Today, even though the Americans are tired of twelve years of war the media and war profiteers aren’t. It doesn’t take a genius to see that war has been good to Washington, DC. A confused president is being pushed to attack another Middle Eastern Country. It is noted that the voices against war have been silenced: Yet the Western mainstream media, which has obviously learned nothing from their past cheerleading on behalf of Team USA prior to the Iraq debacle, is now – as if war in an age of nuclear weapons no longer warrants sober-minded reflection – sounding the bugle charge against a sovereign state before the United Nations provides the world with its official report.

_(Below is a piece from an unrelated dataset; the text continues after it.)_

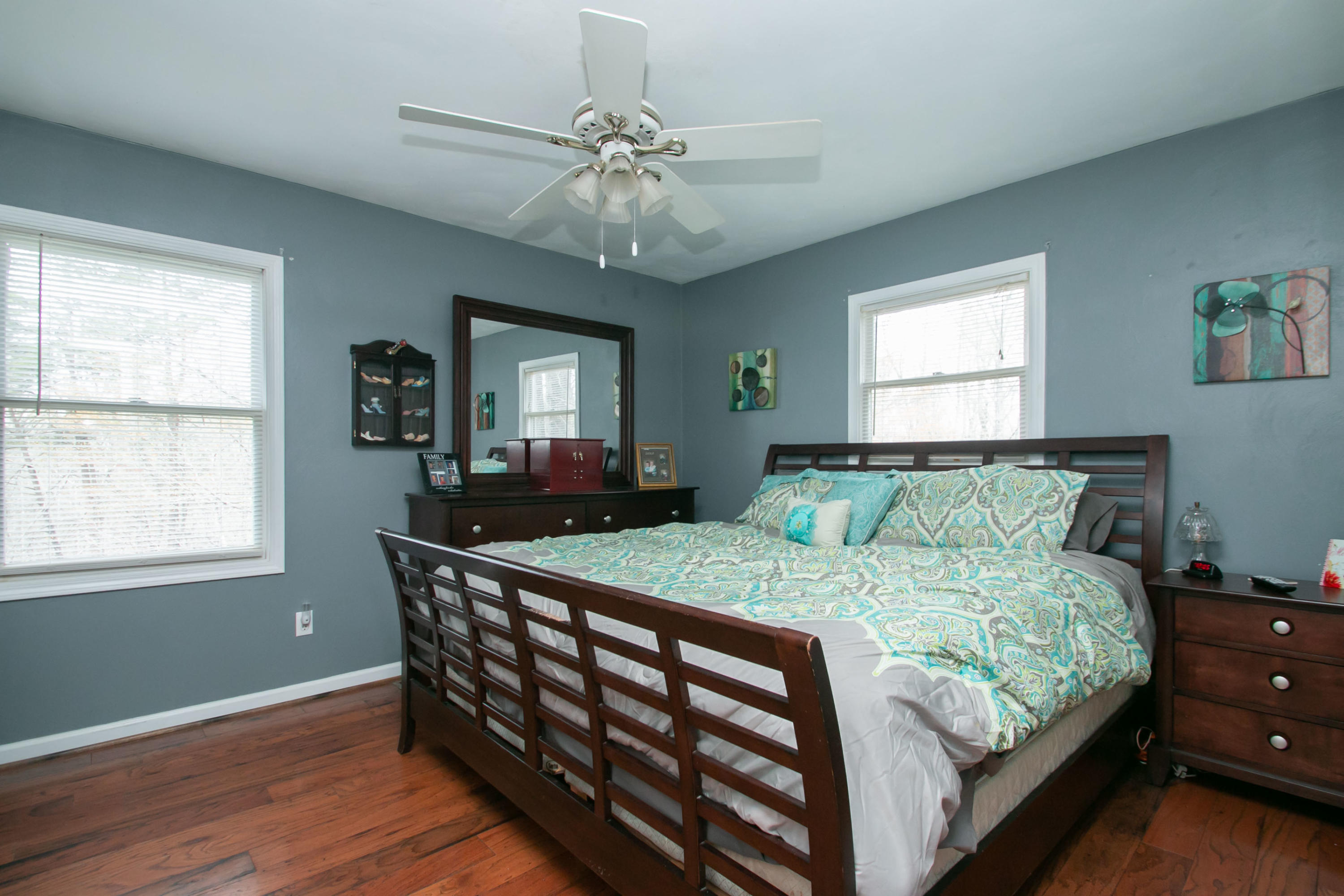 1037 Chandler Road Goodview, VA 24095 - Photo 7 of 21 a bedroom with a bed and a chandelier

This headlong rush to war against President Assad – underwritten as it is by terrorists, statesmen and journalists alike – is all the more incredible when even a child may comprehend that the rebels had much more to gain from a chemical weapons being used in Syria than did the forces loyal to Assad.”

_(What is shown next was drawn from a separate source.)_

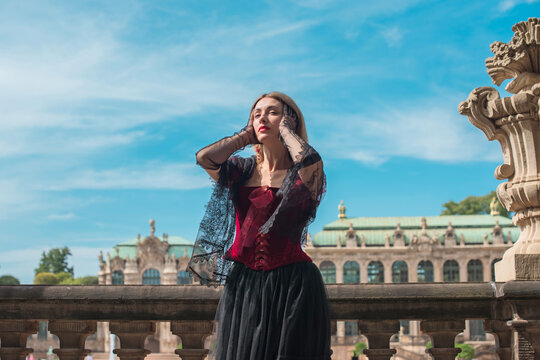 Woman in elegant deep red velvet corset top and black lace cape posing at a historic palace courtyard, fashion and premium lifestyle concept with modern vintage aesthetic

Ominously, Colin Powell, the general who did the masterful job spelling out fictitious facts to the UN and to the American people when he said on February 5, 2003: “We know that Saddam Hussein is determined to keep his weapons of mass destruction, is determined to make more,” is not on board the president’s train.

It was played up in the media that in a recent interview he called Assad a “pathological liar.” Not highly noted was that in the same interview he rightly states: “We shouldn’t go around thinking that we can really make things happen. We can influence things, and we can be ready to help people when problems have been resolved or one side has prevailed over the other. These are internal struggles and parties insides those countries will have to sort it out amongst themselves.”

The president tells us:we don’t have good options, great options, for the region.” He also states: “then the Assad regime, which is involved in a civil war, trying to protect itself, will have received a pretty strong signal, that in fact, it better not do it [use chemical weapons] again. And that doesn’t solve all the problems inside of Syria, and, you know, it doesn’t, obviously end the death of innocent civilians inside of Syria.” 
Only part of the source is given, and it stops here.